Peritonitis: Perioperative Care in Surgical Emergencies CHU Ignace Deen


Objective: Describe the perioperative management of peritonitis in surgical emergencies. Methodology: This was a prospective observational study of the descriptive type over a period of 12 months from January 01 to December 31, 2020 in the surgical emergency room at the CHU Ignace Deen. Included in the study were all patients admitted for peritonitis aged greater than or equal to 18 years. The parameters were epidemiological, clinical and anesthetic. Results: Of the 653 admissions to surgical emergencies in 2020, 185 cases presented with peritonitis, i.e. 29.3%. The average age was 38.6 ± 16.64 years with extremes of 18 and 90 years. The sex ratio was 1.89. The comorbidities were dominated by gastritis and hypertension, i.e. 22%. The patients were classified as ASA 3U (52.4%), ASA2 U (39.5%) and ASA 4 U (8.1%).

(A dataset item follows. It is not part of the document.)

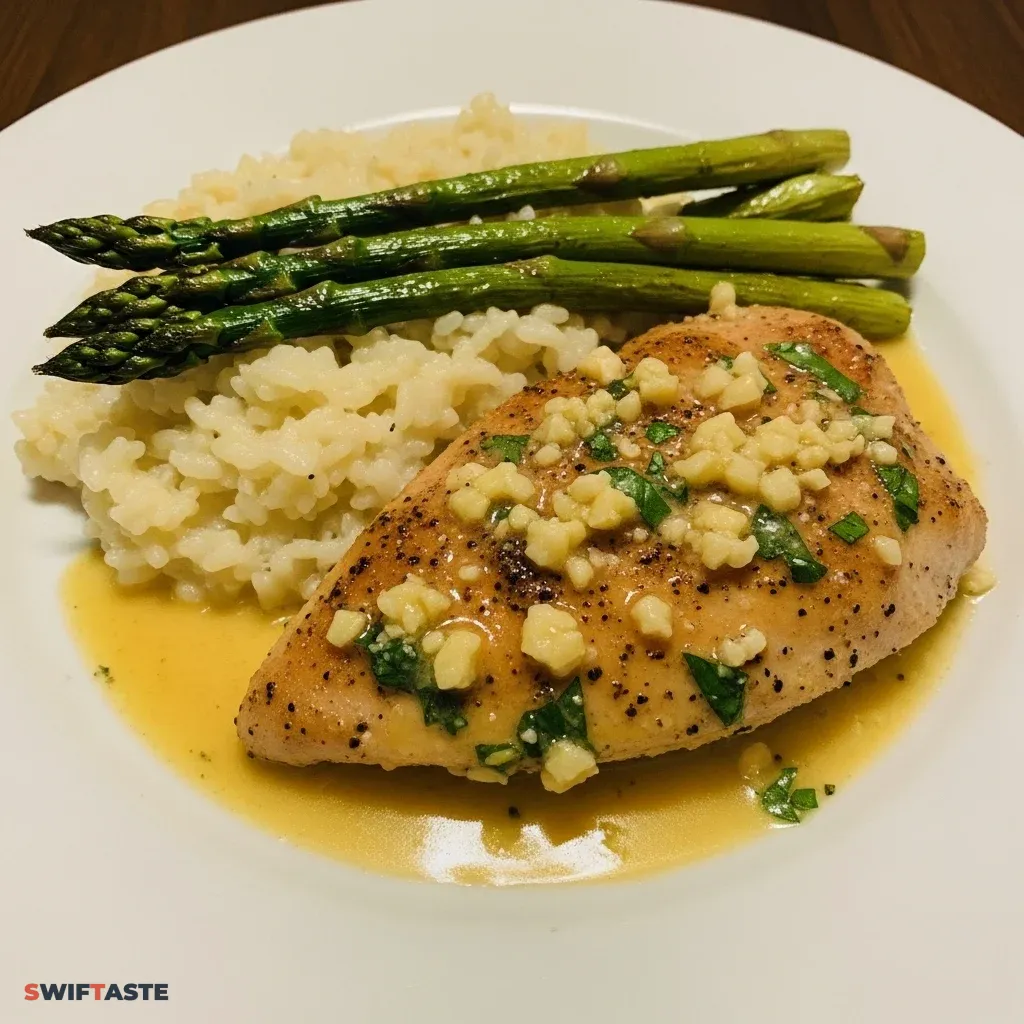 Mediterranean Style Chicken Piccata 11 Mediterranean Style Chicken Piccata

Preoperative resuscitation was provided only with 100% saline. 25.5% of patients had received a blood transfusion. The response time was less than 48 hours, i.e. 77.6%. General anesthesia was performed for all patients. Ketamine was the most used IV hypnotic (56.3%) combined with 100% halothane. The curares used were suxamethonium at (81.6%), Atracurium (81.6%) and rocuronium at (18.3%). Fentanyl was the only morphine used. Senior anesthesia technicians provided anesthesia in (63.2%). Intraoperative incidents were dominated by hypotension, difficult intubation, cardiac arrest, respectively 10.3%, 8% and 0.5%. The immediate postoperative incidents were arterial hypotension, nausea and desaturation, respectively 52.9%, 80% and 32.4%. Mortality was 3.4%. Conclusion: The perioperative management of peritonitis in the emergency room must be as early as possible in order to reduce morbidity and mortality.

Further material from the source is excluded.